Matthew Kandrach – President, CASE
April 15, 2019 – https://bit.ly/2GibbPD
Across the country, scores of coal plants are shutting down and many nuclear plants are at risk of closing. Consequently, natural gas is in great demand for electricity production. But serious supply problems have developed from a shortage of gas due to a failure to overturn moratoriums on the construction of new pipelines. This problem dwarfs anything likely to happen with the rest of the power sector.

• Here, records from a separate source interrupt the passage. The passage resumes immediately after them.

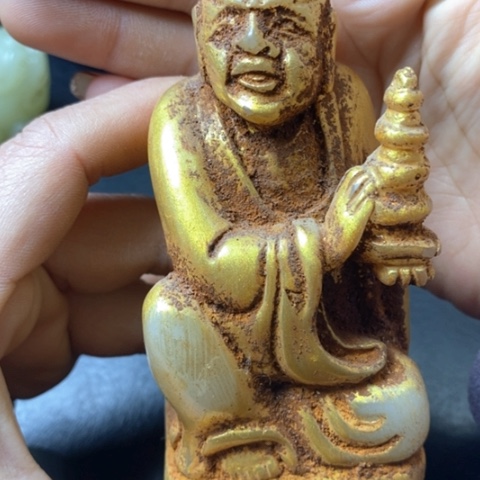 白玉菩提吊坠摆件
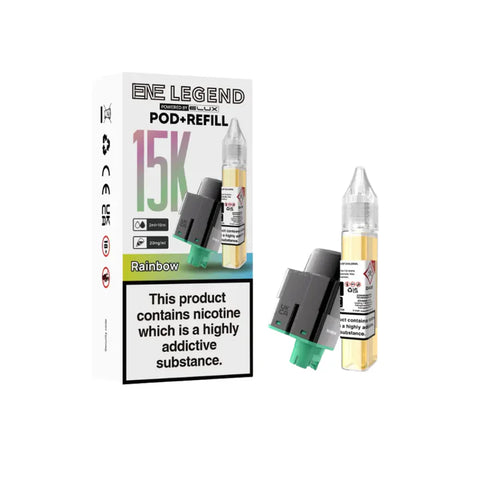 ENE Legend 15k Prefilled Replacement Pod | Rainbow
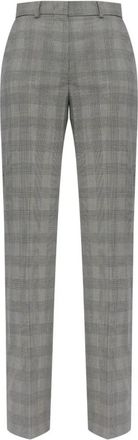 Sportmax Batun Lange Broek - Dames - Straight fit broeken - Grijs - XS - Wol - Broeken
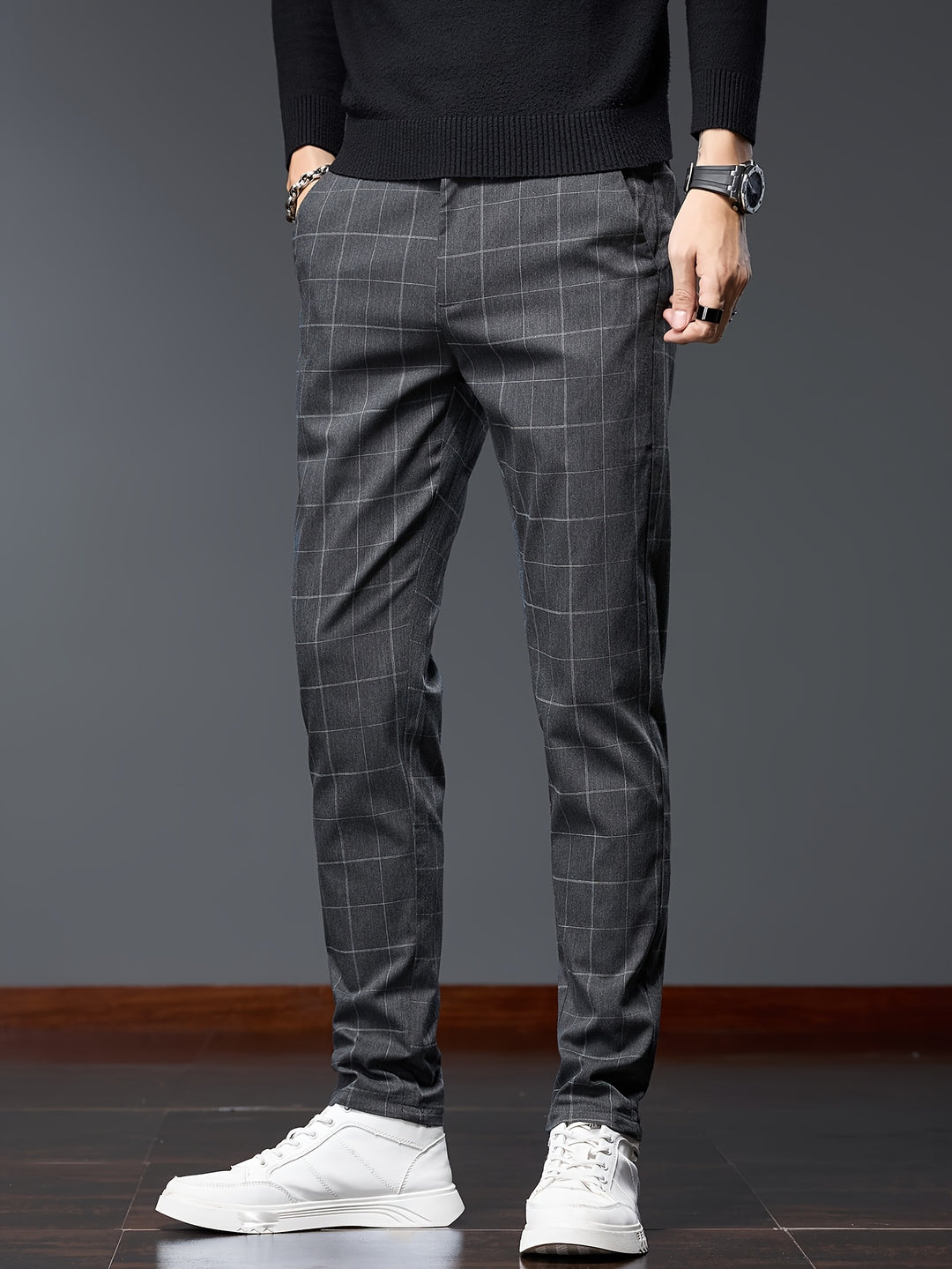 Hugh | Refined Checkered Trousers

Natural gas is a wonderful fuel – clean burning, produced domestically, and plentiful – and power plants fueled with natural gas have many advantages. Current trends, however, indicate that serious stresses are building due to a shortage of gas pipelines. If natural gas can’t get to market, no one will drill for it. This could mean trouble for an industry worth hundreds of billions of dollars. And it could expose consumers of natural gas to much higher gas and electricity prices and loss of reliability. Some parts of the country, particularly the Northeast and mid-Atlantic, have already had warnings about the negative economic impacts of pipeline shortages.
In New York state, for example, existing natural gas infrastructure is not capable of meeting demand – and Gov. Andrew Cuomo’s opposition to the construction of new pipelines in the state has resulted in a severe lack of capacity, causing several natural gas utilities to implement a moratorium on new residential and commercial connections. A moratorium could devastate economic development in New York.
The case for building more pipelines is strong. A rapid scale-up of natural gas production is needed to meet increasing national demand for electricity just as most of the coal and nuclear power fleets are being phased out. Last year LNG from Russia was delivered to Boston to meet consumer needs for natural gas during a cold snap, because a pipeline to carry gas to New England from the prolific Marcellus shale a few hundred miles away in Pennsylvania couldn’t be built.
Some politicians, including Gov. Cuomo, have said they want energy companies to focus more on renewable power sources, instead of building more gas plants and pipelines. Although solar and wind energy are emission-free, it is a matter of common sense that when faced with difficult environmental challenges, the more options that are available, the more likely emissions will be reduced. In fact, the switch from coal to natural gas nationally has reduced carbon emissions from electricity production to mid-1980’s levels.
The United States has been a laggard rather than a leader in energy decision-making. Implementing a natural gas agenda will require political leadership capable of neutralizing the longstanding opposition of people for whom the biggest dragons to be slain are the construction of new pipelines or the natural gas industry itself. A failure to act will drive away investment in natural gas production and cost thousands of jobs. It will also compromise environmental objectives. And it will increase the price of natural gas, which would harm consumers of natural gas and electricity and put U.S. exports of liquefied natural gas at a competitive disadvantage with other countries.
A key question, then, is what should be the federal government’s role in the siting and construction of new pipelines? The most sensible approach would be for the Administration to issue an executive order that would open the door for more natural gas pipelines.
This new agenda would be a clear departure from more than three decades of controversy, timidity, and indecision in U.S. infrastructure policy. It is one of the unfortunate legacies of the years of policy drift that now, at the very moment that environmental concerns are building and the need for low-carbon energy sources is growing more urgent, the ability of natural gas to respond to this need is in doubt.And that could become problematic.